社内の求心力が高まる:「うちの会社はこういう存在だ」と全員が語れることで、組織としての一体感が生まれます。
「選ばれる理由」は、お客様に対してだけでなく、採用候補者や社内のメンバーに対しても機能します。ブランド戦略は、企業経営のあらゆる側面に影響を与える経営戦略そのものです。
選ばれる理由は「つくる」もの
「うちには特別な強みなんてない」と感じている方も多いかもしれません。しかし、選ばれる理由は最初から明確に存在しているものではなく、見つけ出し、磨き、言葉にしていくものです。
どんな企業にも、創業の背景や、大切にしてきた価値観、お客様からの感謝の言葉のなかに、「選ばれる理由」の種は必ずあります。それを意識的に掘り起こし、戦略として整えることがブランディングの本質です。
「選ばれる理由」を見つける方法
お客様の声から探る
選ばれる理由を見つける最も確実な方法は、実際に選んでくれたお客様に聞くことです。
「なぜ数ある会社のなかから当社を選んでくださったのですか?」「当社に依頼して一番良かったと思う点は何ですか?」「もし知人に当社を紹介するとしたら、どう説明しますか?」
こうした問いかけを通じて得られる答えのなかに、自社では気づいていなかった強みが隠れていることが少なくありません。

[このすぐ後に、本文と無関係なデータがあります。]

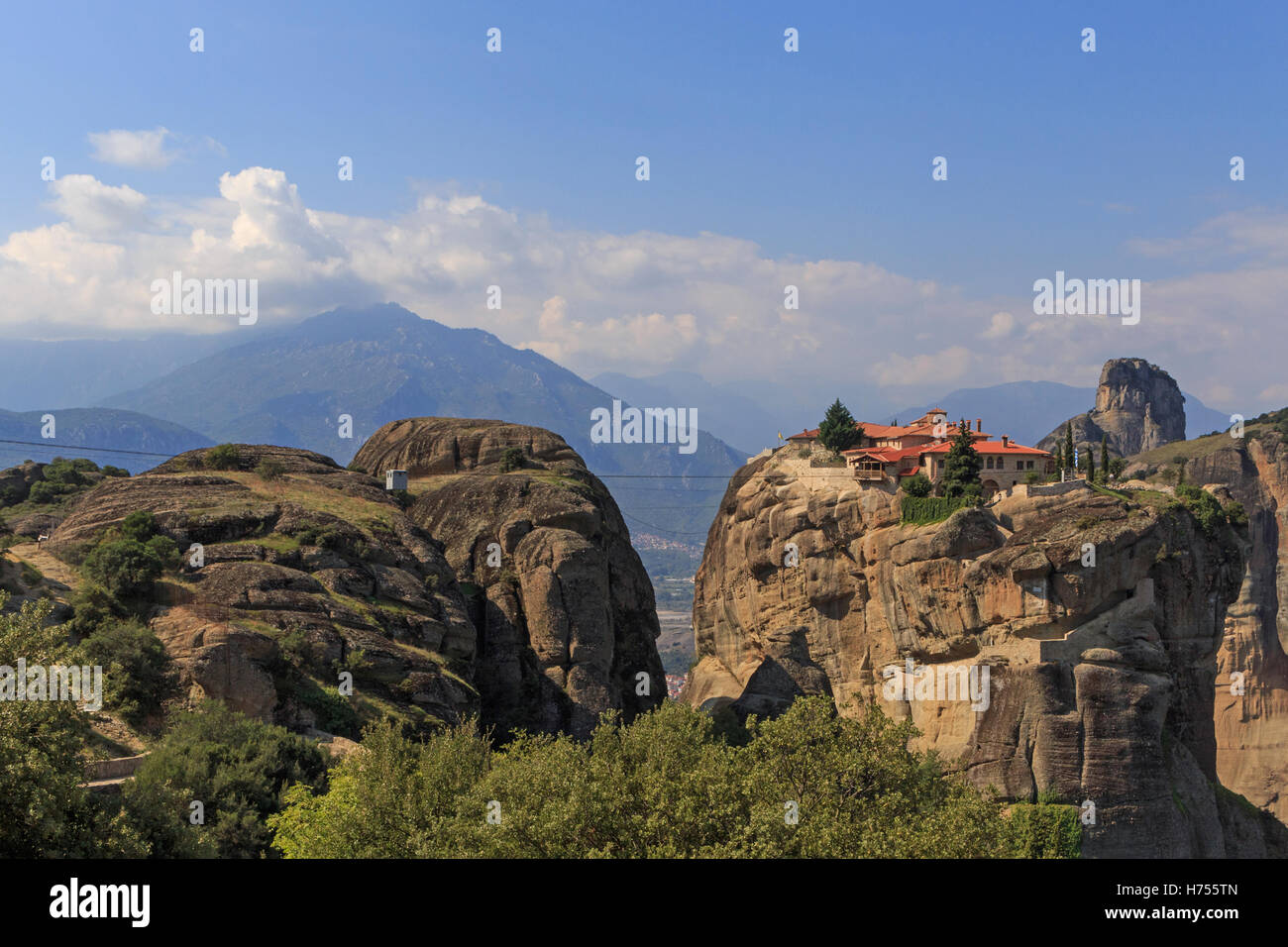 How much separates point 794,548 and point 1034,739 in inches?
1151

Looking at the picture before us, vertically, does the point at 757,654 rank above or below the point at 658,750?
below

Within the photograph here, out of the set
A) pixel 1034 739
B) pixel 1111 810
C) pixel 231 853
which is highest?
pixel 231 853

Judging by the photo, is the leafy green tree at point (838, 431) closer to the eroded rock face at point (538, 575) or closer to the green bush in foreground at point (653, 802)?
the eroded rock face at point (538, 575)

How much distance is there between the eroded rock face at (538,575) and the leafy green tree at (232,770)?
821 inches

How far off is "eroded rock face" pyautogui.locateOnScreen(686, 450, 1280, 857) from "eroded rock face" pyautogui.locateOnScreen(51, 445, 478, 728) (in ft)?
91.1

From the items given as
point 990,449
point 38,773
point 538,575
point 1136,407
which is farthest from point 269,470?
point 1136,407

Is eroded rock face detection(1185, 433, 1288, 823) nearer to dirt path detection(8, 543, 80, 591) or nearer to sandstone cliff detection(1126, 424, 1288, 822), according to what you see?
sandstone cliff detection(1126, 424, 1288, 822)

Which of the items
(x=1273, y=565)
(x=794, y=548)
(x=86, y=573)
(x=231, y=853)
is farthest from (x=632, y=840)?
(x=1273, y=565)

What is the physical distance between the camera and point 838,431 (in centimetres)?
8650

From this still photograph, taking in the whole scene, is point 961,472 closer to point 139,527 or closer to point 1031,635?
point 1031,635

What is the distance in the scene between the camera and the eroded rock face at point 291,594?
39250 millimetres

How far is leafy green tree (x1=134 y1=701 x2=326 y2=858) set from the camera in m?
28.9

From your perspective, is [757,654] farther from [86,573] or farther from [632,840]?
[632,840] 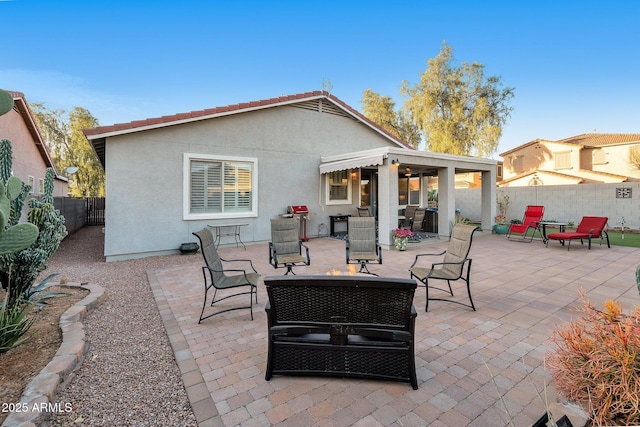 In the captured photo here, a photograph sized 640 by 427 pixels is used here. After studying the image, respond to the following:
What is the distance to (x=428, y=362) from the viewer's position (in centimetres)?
347

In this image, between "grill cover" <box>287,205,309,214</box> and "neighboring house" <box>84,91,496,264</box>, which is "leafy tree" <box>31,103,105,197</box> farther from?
"grill cover" <box>287,205,309,214</box>

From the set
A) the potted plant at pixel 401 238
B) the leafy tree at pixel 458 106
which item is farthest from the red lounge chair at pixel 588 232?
the leafy tree at pixel 458 106

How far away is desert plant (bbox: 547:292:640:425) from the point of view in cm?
217

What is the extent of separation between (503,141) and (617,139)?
1118cm

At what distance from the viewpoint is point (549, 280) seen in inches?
266

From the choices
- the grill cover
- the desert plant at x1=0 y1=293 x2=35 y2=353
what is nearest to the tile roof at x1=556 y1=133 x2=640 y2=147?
the grill cover

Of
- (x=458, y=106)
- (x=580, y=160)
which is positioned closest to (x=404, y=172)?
(x=458, y=106)

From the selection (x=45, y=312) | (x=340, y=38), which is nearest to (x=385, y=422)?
(x=45, y=312)

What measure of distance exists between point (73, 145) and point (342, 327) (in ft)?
108

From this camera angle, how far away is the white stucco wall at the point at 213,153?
9625mm

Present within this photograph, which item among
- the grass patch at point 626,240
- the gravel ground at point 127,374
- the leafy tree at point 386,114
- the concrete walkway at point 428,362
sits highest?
the leafy tree at point 386,114

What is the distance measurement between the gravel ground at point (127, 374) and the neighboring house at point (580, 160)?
1196 inches

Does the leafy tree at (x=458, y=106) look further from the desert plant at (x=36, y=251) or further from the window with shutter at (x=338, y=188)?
the desert plant at (x=36, y=251)

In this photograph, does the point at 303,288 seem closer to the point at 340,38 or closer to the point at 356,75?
the point at 340,38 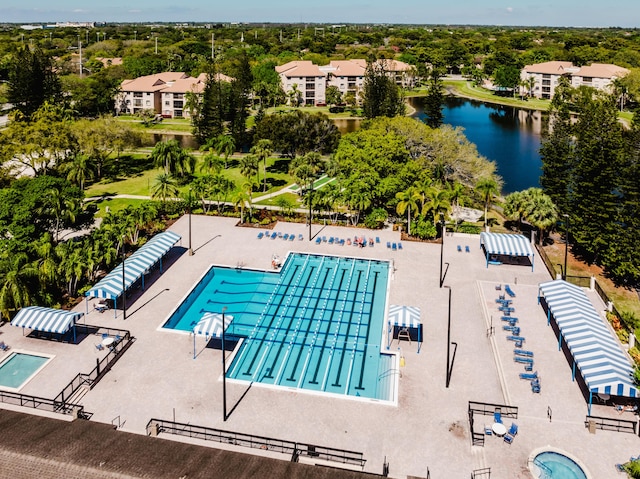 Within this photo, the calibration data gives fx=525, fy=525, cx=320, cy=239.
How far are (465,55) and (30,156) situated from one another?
16405cm

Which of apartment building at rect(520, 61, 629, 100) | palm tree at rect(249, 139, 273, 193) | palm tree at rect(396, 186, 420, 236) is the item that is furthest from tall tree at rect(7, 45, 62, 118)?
apartment building at rect(520, 61, 629, 100)

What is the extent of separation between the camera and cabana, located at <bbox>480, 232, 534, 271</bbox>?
4000 centimetres

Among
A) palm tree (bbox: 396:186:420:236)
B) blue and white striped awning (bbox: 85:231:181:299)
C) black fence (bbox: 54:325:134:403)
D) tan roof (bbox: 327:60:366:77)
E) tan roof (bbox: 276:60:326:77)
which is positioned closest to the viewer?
black fence (bbox: 54:325:134:403)

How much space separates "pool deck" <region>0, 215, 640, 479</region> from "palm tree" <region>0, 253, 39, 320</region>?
5.58 ft

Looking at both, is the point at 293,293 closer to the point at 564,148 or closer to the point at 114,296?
the point at 114,296

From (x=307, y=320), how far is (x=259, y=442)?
12.7 m

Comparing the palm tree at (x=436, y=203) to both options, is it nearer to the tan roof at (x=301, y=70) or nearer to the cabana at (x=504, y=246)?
the cabana at (x=504, y=246)

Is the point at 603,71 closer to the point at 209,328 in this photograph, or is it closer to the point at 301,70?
the point at 301,70

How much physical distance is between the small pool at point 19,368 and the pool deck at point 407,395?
0.53 m

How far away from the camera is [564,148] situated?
51.7 meters

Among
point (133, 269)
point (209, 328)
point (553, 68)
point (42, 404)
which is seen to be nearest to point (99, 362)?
point (42, 404)

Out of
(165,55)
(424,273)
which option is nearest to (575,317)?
(424,273)

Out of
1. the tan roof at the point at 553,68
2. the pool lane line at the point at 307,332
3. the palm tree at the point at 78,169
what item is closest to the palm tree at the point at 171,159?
the palm tree at the point at 78,169

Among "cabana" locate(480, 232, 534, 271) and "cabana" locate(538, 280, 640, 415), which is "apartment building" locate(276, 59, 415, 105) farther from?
"cabana" locate(538, 280, 640, 415) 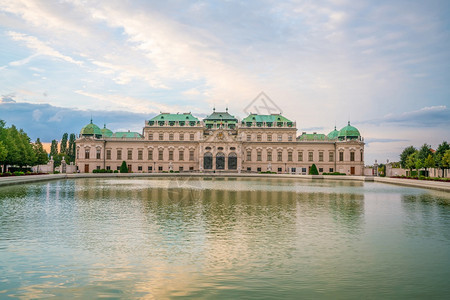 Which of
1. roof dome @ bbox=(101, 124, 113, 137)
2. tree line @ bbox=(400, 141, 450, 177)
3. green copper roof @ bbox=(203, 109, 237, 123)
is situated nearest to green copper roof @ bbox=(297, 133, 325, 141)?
green copper roof @ bbox=(203, 109, 237, 123)

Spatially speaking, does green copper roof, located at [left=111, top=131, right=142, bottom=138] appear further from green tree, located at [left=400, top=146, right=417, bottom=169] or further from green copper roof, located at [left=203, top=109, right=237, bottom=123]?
green tree, located at [left=400, top=146, right=417, bottom=169]

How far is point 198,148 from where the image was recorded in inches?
3994

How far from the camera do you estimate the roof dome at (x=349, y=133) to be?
102812 mm

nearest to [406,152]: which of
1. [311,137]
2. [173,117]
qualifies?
[311,137]

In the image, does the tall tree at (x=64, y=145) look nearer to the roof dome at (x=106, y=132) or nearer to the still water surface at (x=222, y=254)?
the roof dome at (x=106, y=132)

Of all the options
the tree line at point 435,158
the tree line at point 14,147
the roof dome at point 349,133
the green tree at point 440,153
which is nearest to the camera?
the tree line at point 14,147

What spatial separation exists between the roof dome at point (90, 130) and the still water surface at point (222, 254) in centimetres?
8473

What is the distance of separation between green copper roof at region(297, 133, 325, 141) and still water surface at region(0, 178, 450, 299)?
83161 millimetres

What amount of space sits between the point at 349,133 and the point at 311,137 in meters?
9.67

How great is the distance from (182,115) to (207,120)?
24.1ft

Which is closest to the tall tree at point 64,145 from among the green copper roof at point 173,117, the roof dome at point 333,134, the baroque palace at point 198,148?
the baroque palace at point 198,148

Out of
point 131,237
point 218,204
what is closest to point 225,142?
point 218,204

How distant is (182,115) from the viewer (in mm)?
104438

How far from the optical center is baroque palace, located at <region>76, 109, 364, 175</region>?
101562 millimetres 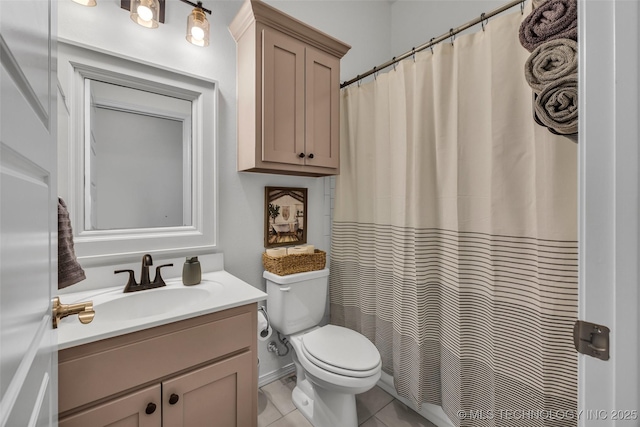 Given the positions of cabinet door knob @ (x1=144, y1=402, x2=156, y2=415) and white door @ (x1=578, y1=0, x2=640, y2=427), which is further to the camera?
cabinet door knob @ (x1=144, y1=402, x2=156, y2=415)

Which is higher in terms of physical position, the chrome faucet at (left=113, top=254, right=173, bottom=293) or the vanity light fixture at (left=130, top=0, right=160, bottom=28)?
the vanity light fixture at (left=130, top=0, right=160, bottom=28)

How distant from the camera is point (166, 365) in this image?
0.94 meters

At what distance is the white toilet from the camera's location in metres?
1.24

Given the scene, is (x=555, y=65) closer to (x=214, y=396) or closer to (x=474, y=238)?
(x=474, y=238)

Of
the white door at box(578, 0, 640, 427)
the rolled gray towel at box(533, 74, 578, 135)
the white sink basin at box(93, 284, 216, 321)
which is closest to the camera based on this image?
the white door at box(578, 0, 640, 427)

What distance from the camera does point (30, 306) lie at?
1.27 ft

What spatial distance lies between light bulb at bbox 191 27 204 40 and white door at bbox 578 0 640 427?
142 cm

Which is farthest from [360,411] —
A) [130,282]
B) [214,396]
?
[130,282]

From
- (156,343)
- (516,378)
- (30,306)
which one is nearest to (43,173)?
(30,306)

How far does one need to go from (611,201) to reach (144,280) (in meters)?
1.52

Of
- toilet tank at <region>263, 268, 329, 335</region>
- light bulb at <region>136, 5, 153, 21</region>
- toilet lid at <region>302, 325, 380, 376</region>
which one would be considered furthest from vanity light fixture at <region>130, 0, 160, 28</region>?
toilet lid at <region>302, 325, 380, 376</region>

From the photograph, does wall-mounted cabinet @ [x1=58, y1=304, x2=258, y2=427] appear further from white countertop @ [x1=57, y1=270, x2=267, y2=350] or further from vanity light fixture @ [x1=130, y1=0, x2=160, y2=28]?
vanity light fixture @ [x1=130, y1=0, x2=160, y2=28]

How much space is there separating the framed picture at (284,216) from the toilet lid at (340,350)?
1.90ft

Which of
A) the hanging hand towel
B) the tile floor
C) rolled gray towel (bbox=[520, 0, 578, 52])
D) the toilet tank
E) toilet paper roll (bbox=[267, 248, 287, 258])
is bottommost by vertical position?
the tile floor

自分たちにとっては「当たり前」のことが、お客様にとっては大きな価値になっている場合があるのです。
インタビューが難しければ、アンケートでも構いません。大切なのは、社内の思い込みではなく、お客様の言葉で自社の価値を理解することです。
自社の歴史と価値観を掘り起こす
もう一つの重要なアプローチは、自社の内面を深掘りすることです。
- なぜこの事業を始めたのか(創業の想い)
- どんな困難を乗り越えてきたのか(歴史と経験)
- 絶対に妥協しないことは何か(こだわり)
- 社員が誇りに思っていることは何か(組織の強み)
- お客様との関わりで大切にしていることは何か(姿勢・哲学)
これらの問いに向き合うことで、競合他社には真似できない「自社らしさ」が見えてきます。選ばれる理由の核は、多くの場合、スペックや価格ではなく、こうした企業の姿勢や価値観のなかにあります。
用語メモ
バリュープロポジション:自社が提供する独自の価値のこと。「顧客が求めていて、自社が提供でき、競合が提供できない価値」と定義されます。ブランド戦略の中核となる概念であり、「選ばれる理由」を一言で表す指針になります。
競合との違いを整理する
選ばれる理由は、「自社だけの強み」であると同時に、「競合との違い」でもあります。競合分析を行い、自社のポジションを客観的に把握しましょう。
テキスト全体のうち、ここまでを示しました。